La cabina del pallone viene così descritta da Donald Dale Jackson nel suo libro:
“Era un cottage volante. Realizzato in vimini, alto due piani con balcone sul tetto, conteneva sei scomparti: due cabine, una tipografia, un ufficio fotografico, un gabinetto e un ripostiglio. La mongolfiera effettuò due ascese da Parigi nell’ottobre del 1863, attirando la più grande folla mai vista ad un evento aeronautico dallo storico volo di Jacques Charles 80 anni prima.”
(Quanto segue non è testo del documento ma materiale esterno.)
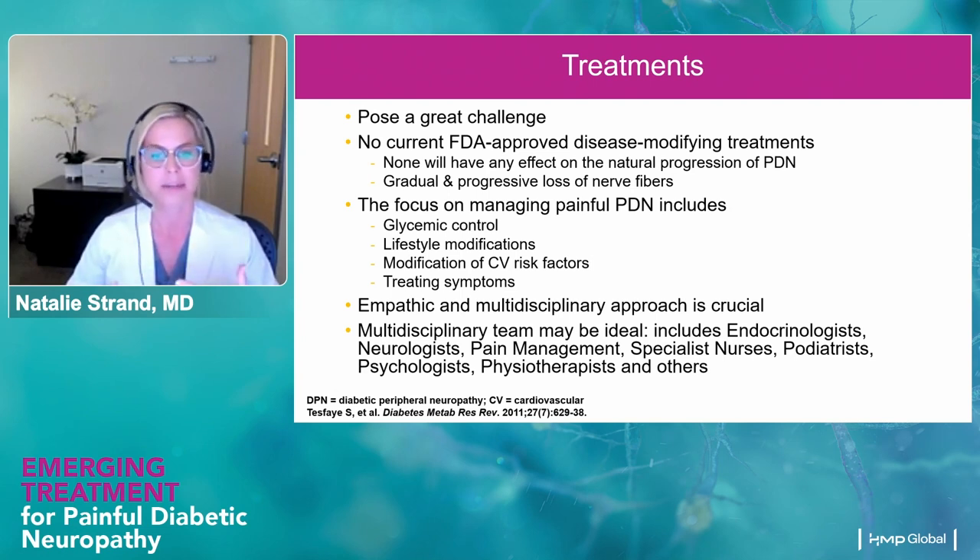The team might include endocrinologists, neurologists, pain management, specialist nurses, podiatrists, psychologists, physiotherapists, and health and wellness coaches — there's a huge team to manage all of the symptoms affecting patients, including perhaps an aspect of burnout. We hear about non-compliance a lot, but I think that can be reframed as: how do you deal with a chronic disease day in and day out for over 25 years?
Il numerosissimo pubblicò restò, però, un po’ deluso da un pallone che ci metteva effettivamente ore a gonfiarsi e anche i voli non furono mai dei successi.
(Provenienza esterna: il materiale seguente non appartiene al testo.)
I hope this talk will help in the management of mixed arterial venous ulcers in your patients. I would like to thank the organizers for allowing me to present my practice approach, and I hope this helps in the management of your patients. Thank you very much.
Il primo volo terminò molto rapidamente con un notevole schianto al suolo che lasciò scossi i 12 passeggeri. Il secondo volo, che contava tra i passeggeri Napoleone III e il re della Grecia, invece si svolse piacevolmente per 400 miglia. All’alba, però, per paura che il sole troppo brillante facesse esplodere il pallone, Nadar si vide costretto a discendere bruscamente senza più riuscire a innalzarsi. Trascinata da forti venti di terra, la cabina di vimini rotolò e rimbalzò attraverso alture e boschi, rischiando di essere investita da un treno, per poi arenarsi bruscamente contro un albero all’esplosione del pallone.
Ma nonostante i poco promettenti risultati, la passione di Nadar per i palloni non si esaurì mai, rischiando anche di mandarlo sul lastrico. A essa il suo amico Jules Verne rese omaggio creando una versione romanzata del fotografo, Michael “Ardan”, che nel romanzo di fantascienza Dalla Terra alla Luna (1865) è uno degli astronauti che avrebbero “portato nello spazio tutte le risorse dell’arte, della scienza e dell’industria”.